● **Collected material**:
◆ ◆ ◆ ◆ ◆ ◆ ◆

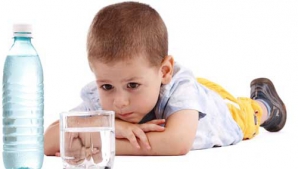 Школьники и воспитанники столичных детсадов с трудом переносят жару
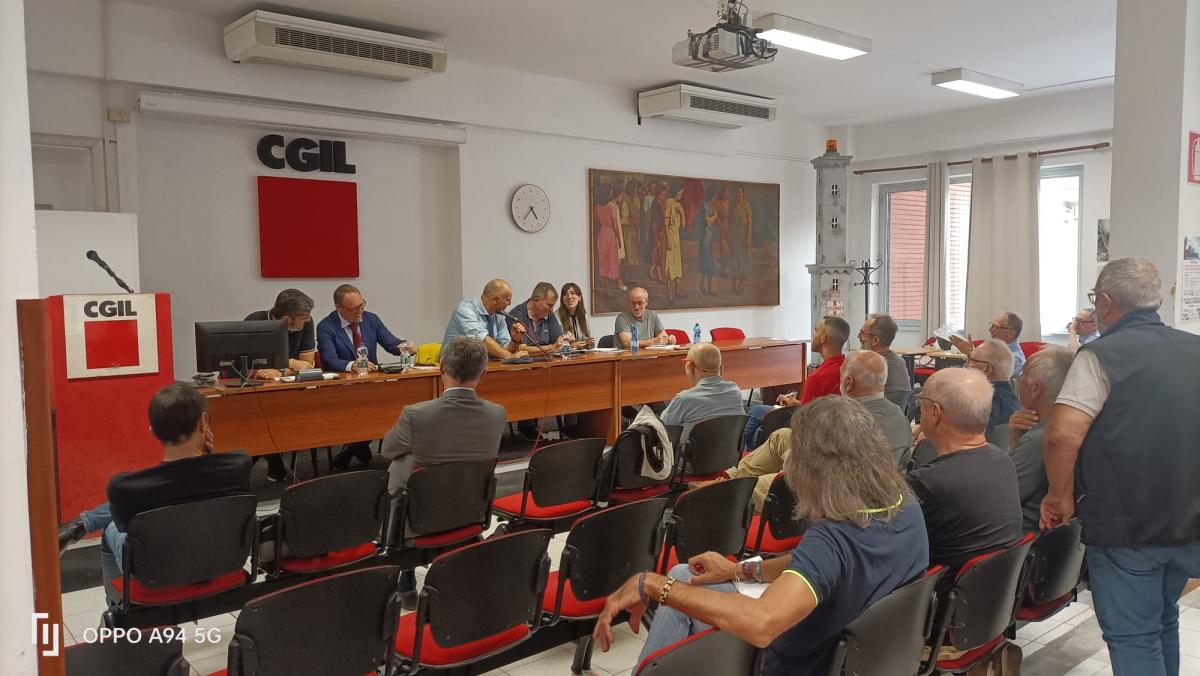 Asamblea con delegados de FIOM en la industria siderúrgica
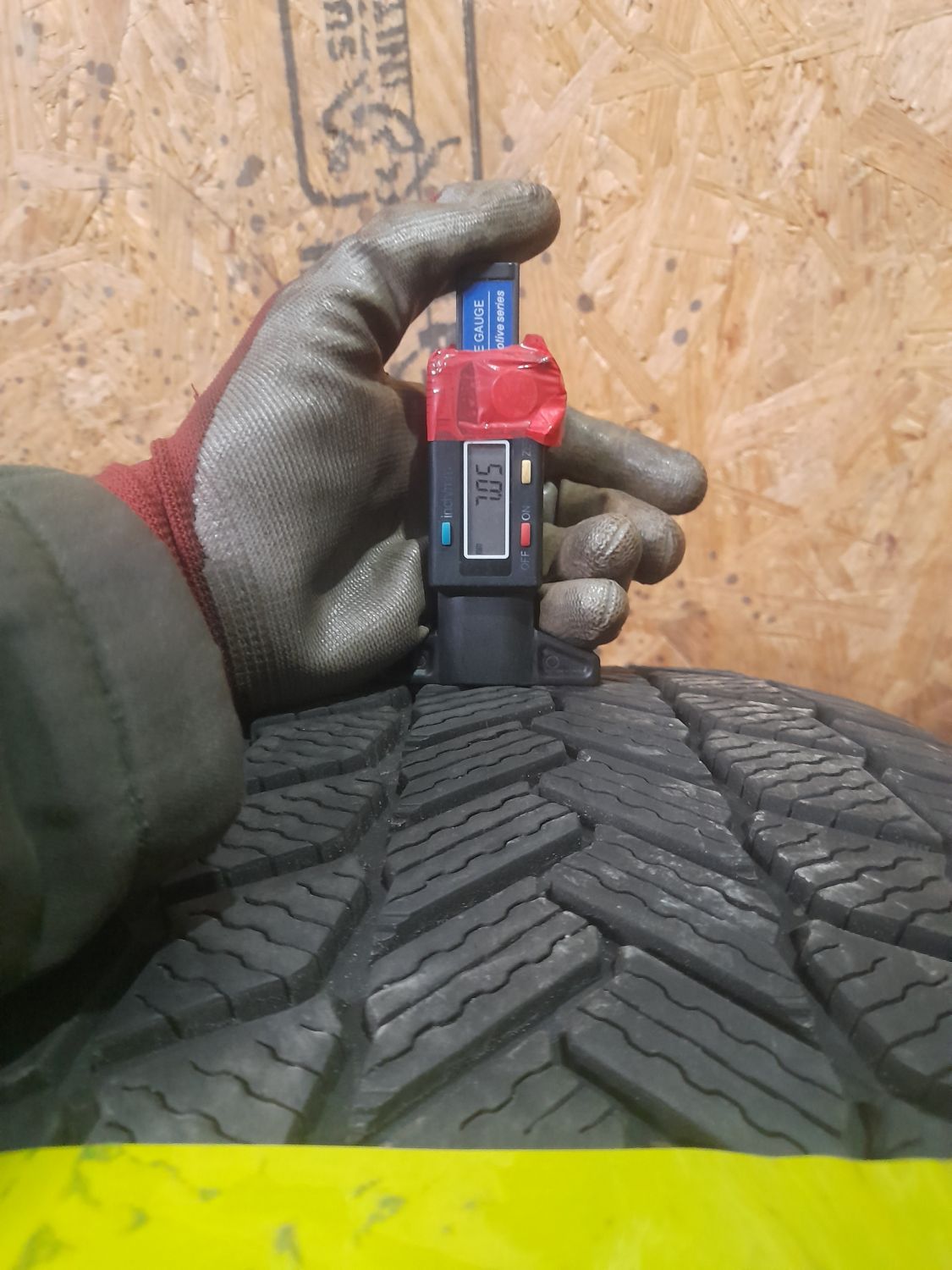 Шини Michelin X-Ice Snow SUV 225/55 R18 98H Б/У 7 мм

◆ ◆ ◆ ◆ ◆ ◆ ◆

● **Action item**: Only the lines from the one with "Asamblea con delegados" through the end of the listing above should be output, exactly as written and with no pictures.

● **Reply to the exercise**:
 Asamblea con delegados de FIOM en la industria siderúrgica
 Шини Michelin X-Ice Snow SUV 225/55 R18 98H Б/У 7 мм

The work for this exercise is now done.